THE PROBLEM:
Where a line contains "Immunoprecipitation analysis of", begin there and restate word for word every line to the end of the entries below, pictures excluded.

Short web captions:
++++++++

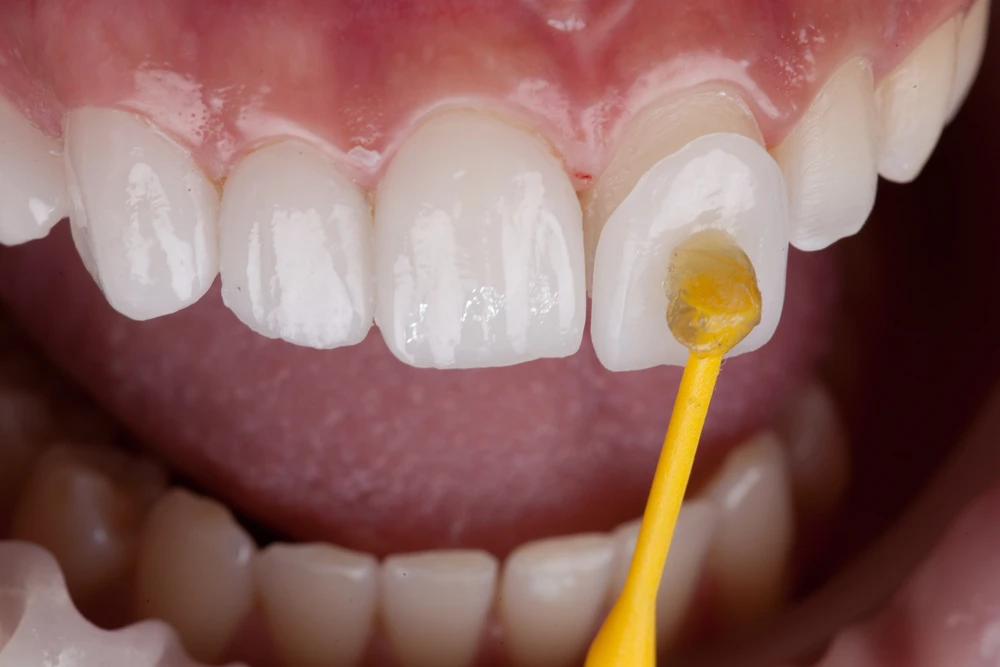 Veneer dan Crown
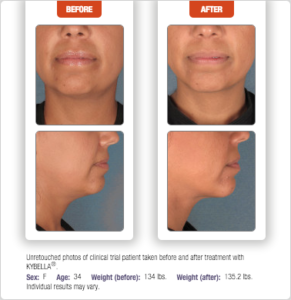 Kybella Before and After Photos - DeConti Plastic Surgery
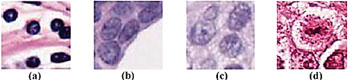 Image: Photomicrographs of a) Lymphocytes, b) Normal epithelial nuclei, c) Cancerous epithelial nuclei, and d) Mitotic nuclei (Photo courtesy of Trinity College Dublin).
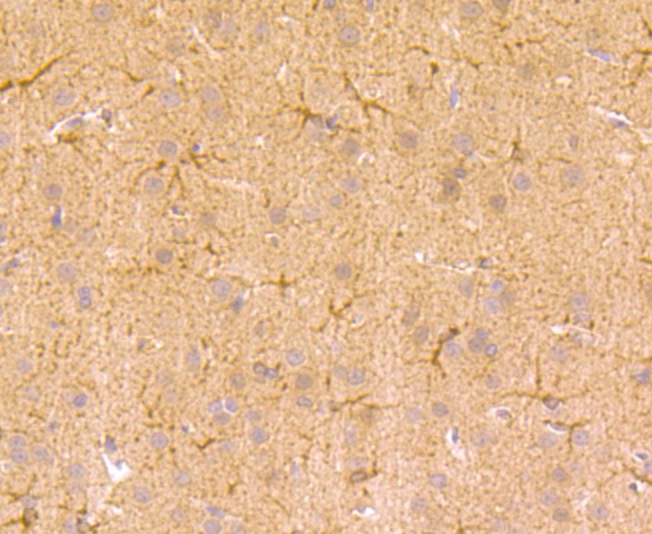 Fig8: Immunohistochemical analysis of paraffin-embedded rat brain tissue using anti-TGM6 antibody. Counter stained with hematoxylin.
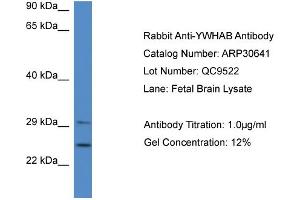 WB Suggested Anti-YWHAB Antibody   Titration: 1. (YWHAB antibody  (Middle Region))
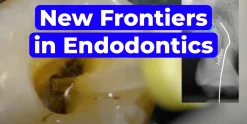 OHI-S New Frontiers in Endodontics Guide to Predictable Practice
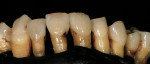 Figure 20  Natural, extracted teeth can be used for tooth study.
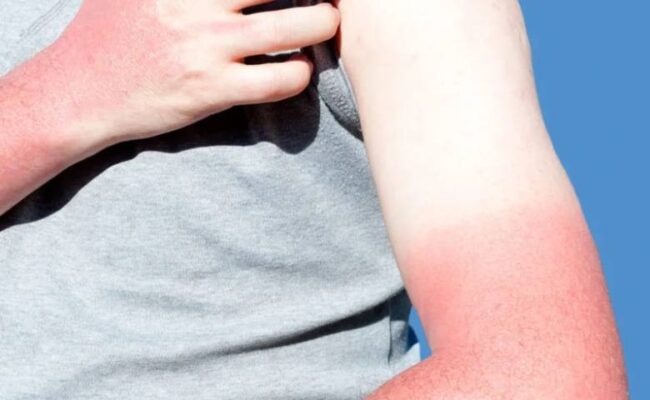 Nhận biết da tay bị cháy nắng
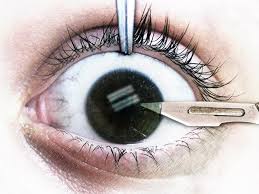 ojo-cirugía.jpg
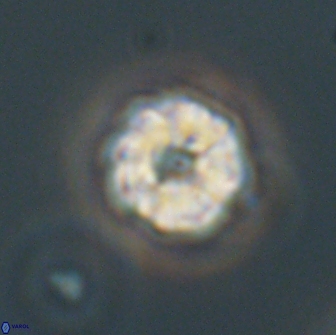 Hypsiteicholithus polymerus 66643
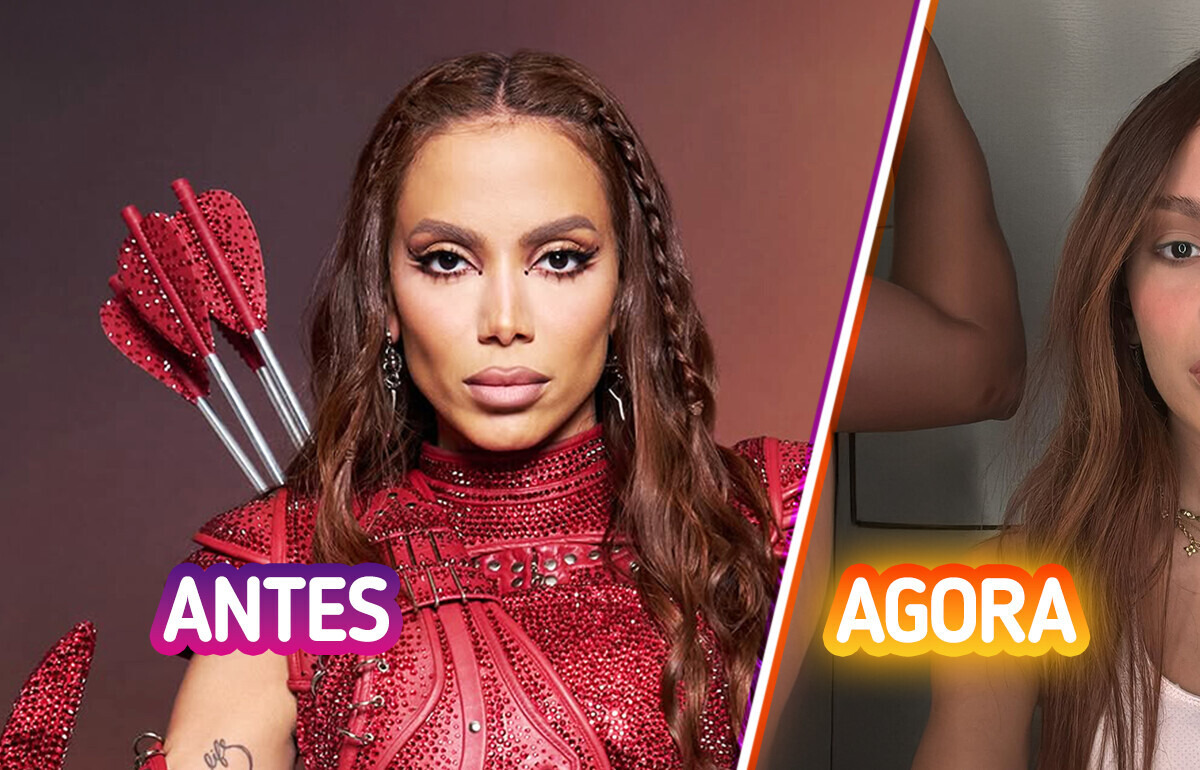 “Nossa Michael Jackson”, Anitta surge com novo rosto e gera polêmica nas redes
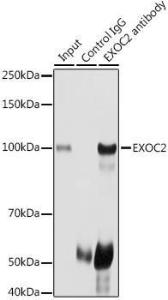 Immunoprecipitation analysis of 300µg extracts of HeLa cells using 3µg of Anti-EXOC2 Antibody (A307844). This Western blot was performed on the immunoprecipitate using Anti-EXOC2 Antibody (A307844) at a dilution of 1:1000.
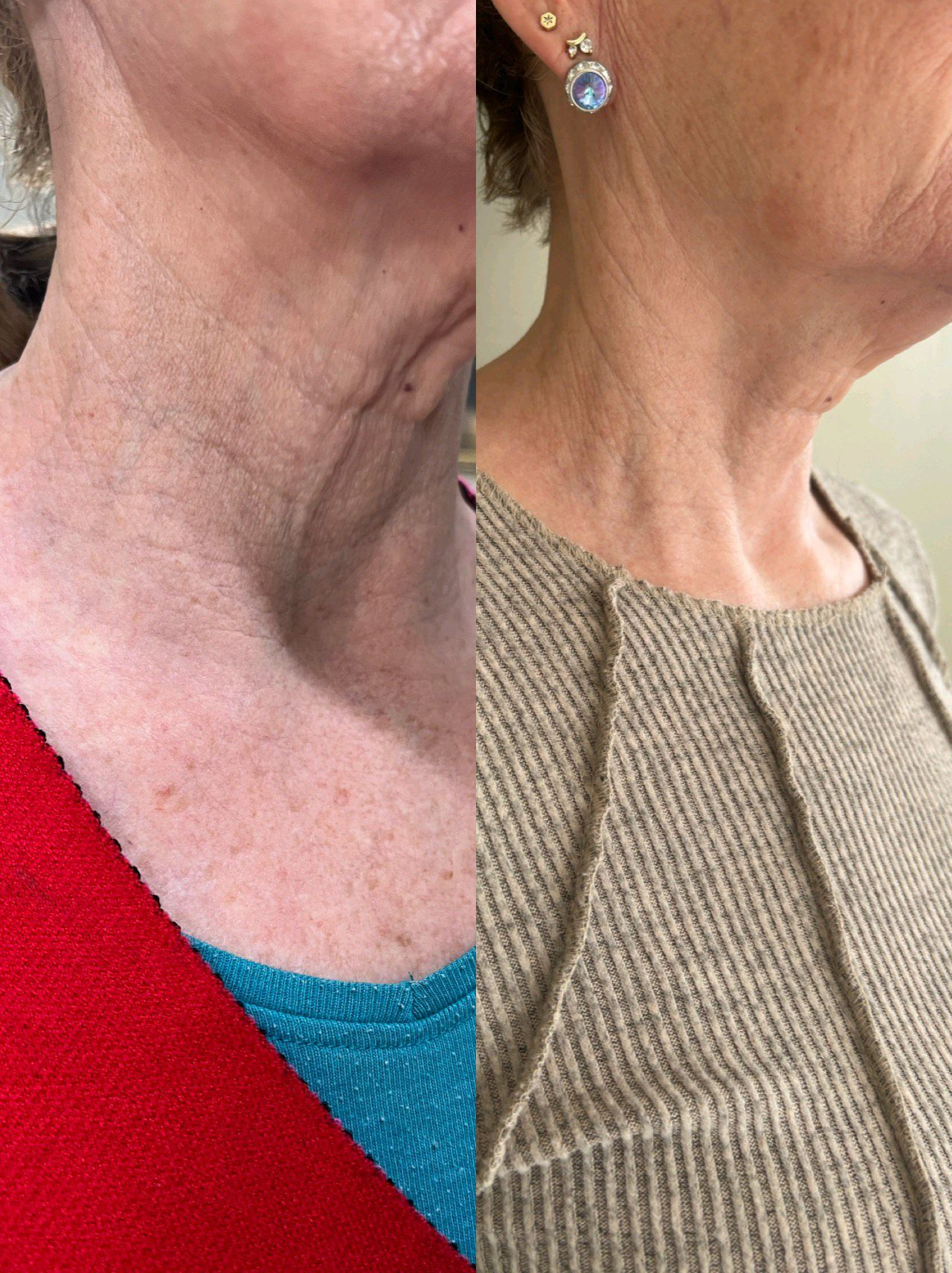 Wendy Freeman Results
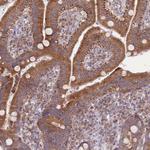 BOLA2 Polyclonal Antibody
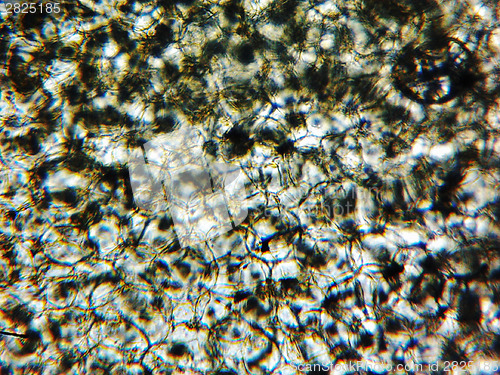 Image of Courgettes micrograph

++++++++

EXPECTED ANSWER:
 Immunoprecipitation analysis of 300µg extracts of HeLa cells using 3µg of Anti-EXOC2 Antibody (A307844). This Western blot was performed on the immunoprecipitate using Anti-EXOC2 Antibody (A307844) at a dilution of 1:1000.
 Wendy Freeman Results
 BOLA2 Polyclonal Antibody
 Image of Courgettes micrograph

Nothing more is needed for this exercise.